[[ Entries provided, beginning ]]
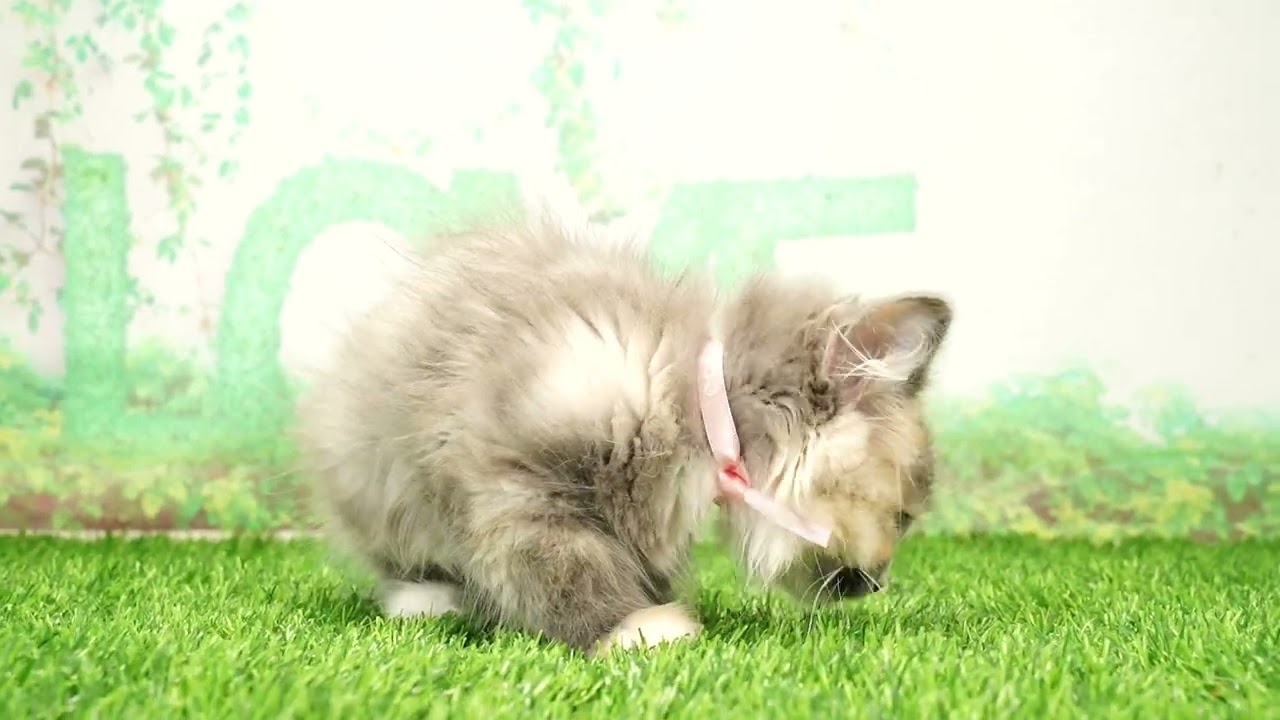 Coo&RIKU　No657596　ラガマフィン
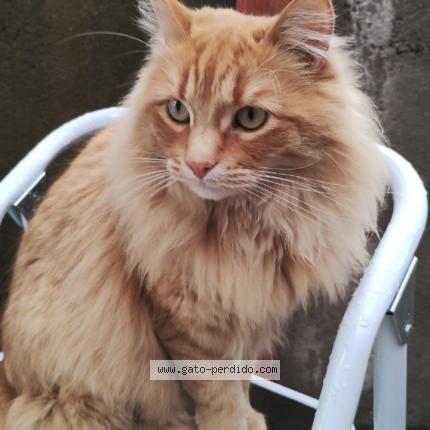 Photo 1/1 July Chat perdu à Bosques de san francisco
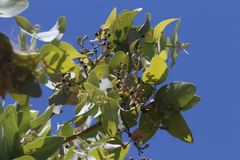 Eucalyptus pruinosa, photograph (c) Greg Tasney, some rights reserved (CC BY-SA)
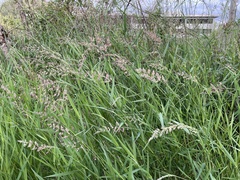 Phalaris arundinacea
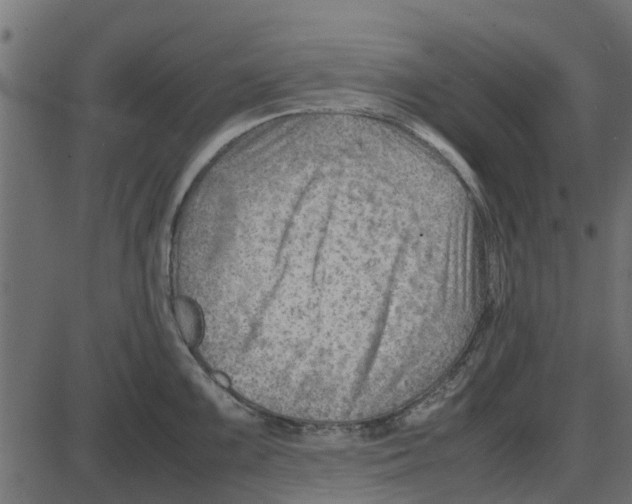 X0000087401099200705181326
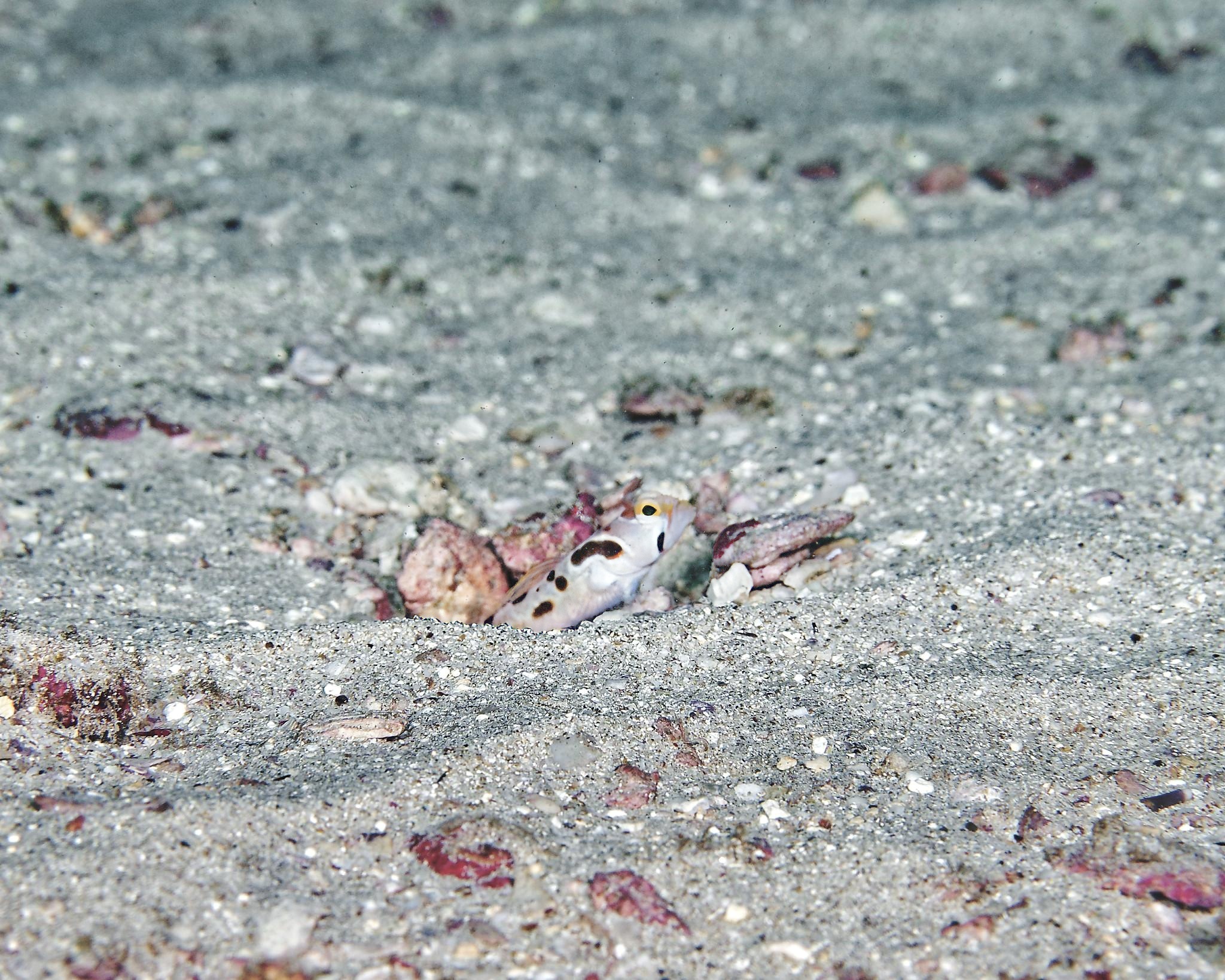 ภาพ ปลาบู่ medon (Stonogobiops medon)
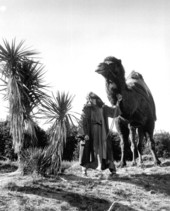 Black Hills Passion Play - Lake Wales, Florida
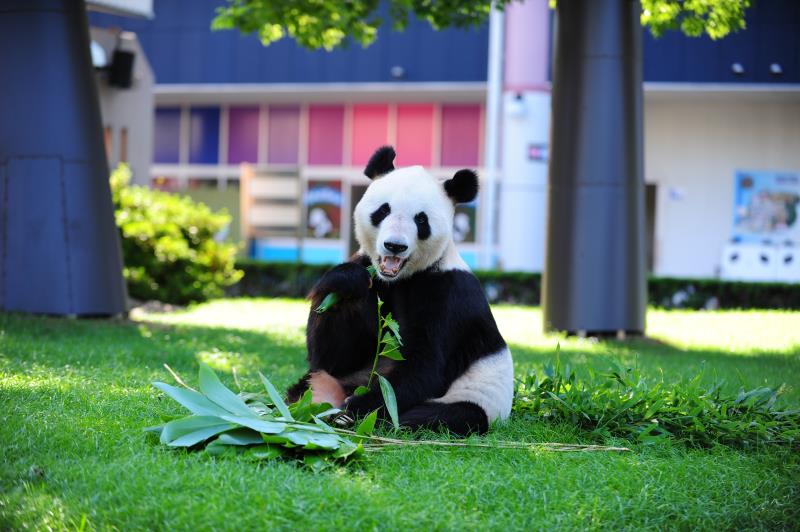 Panda gigante distinguido com prêmio de “melhor animal” no Jap?o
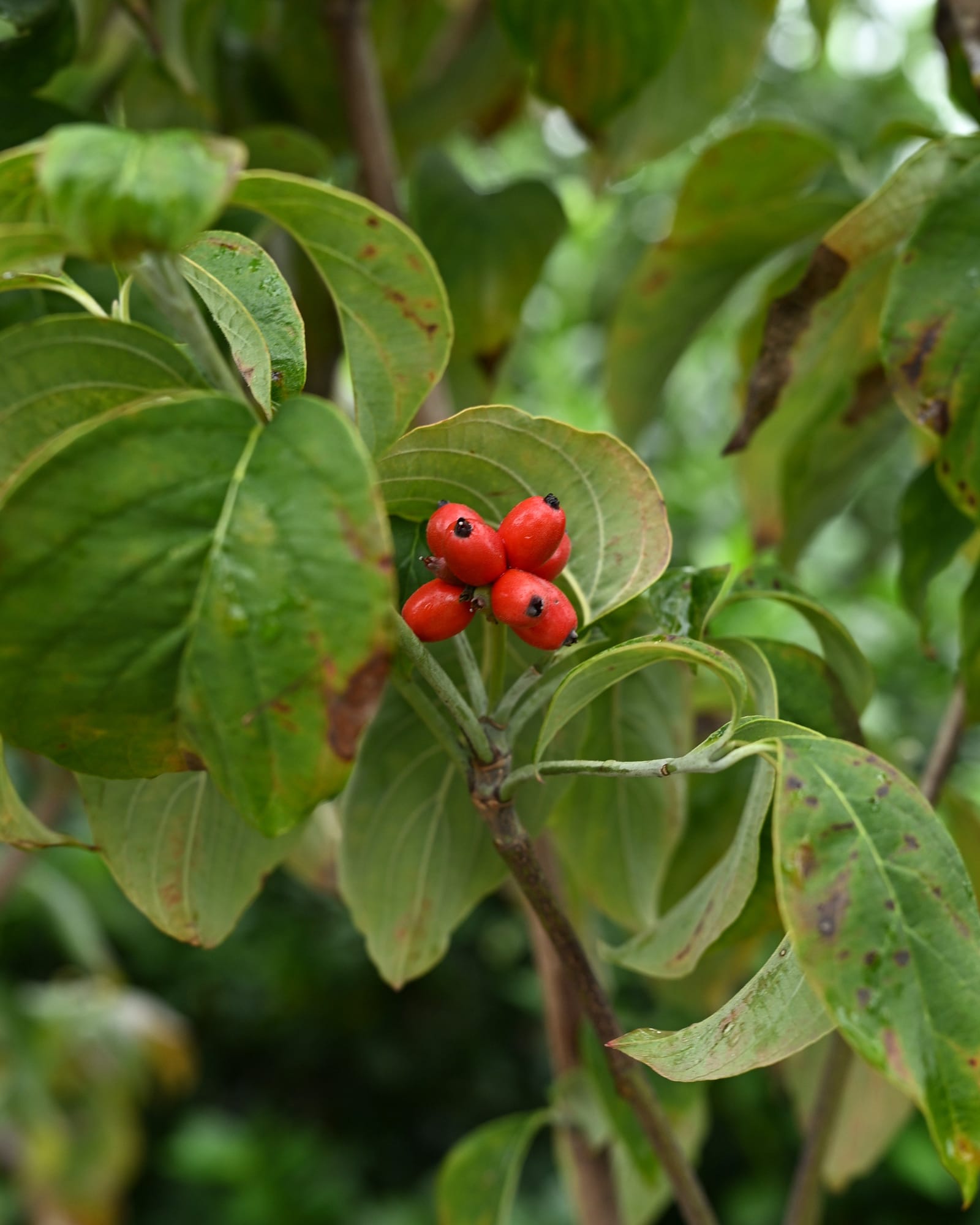 Pink Dogwood - view 3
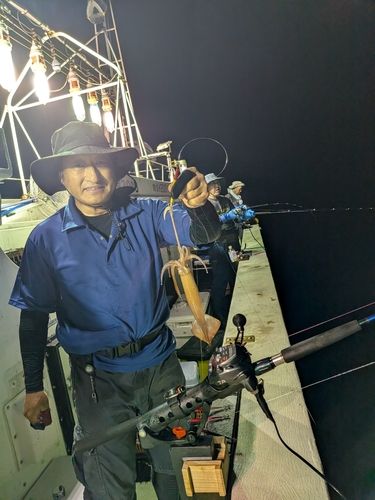 スルメイカの釣果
[[ Entries provided, end ]]
▶ [Directions for this task]:
Reproduce exactly, and only, the part of the entries above that runs from the line with "X0000087401099200705181326" to the last line, both included. Pictures stay out.

▶ [Answer to the exercise]:
 X0000087401099200705181326
 ภาพ ปลาบู่ medon (Stonogobiops medon)
 Black Hills Passion Play - Lake Wales, Florida
 Panda gigante distinguido com prêmio de “melhor animal” no Jap?o
 Pink Dogwood - view 3
 スルメイカの釣果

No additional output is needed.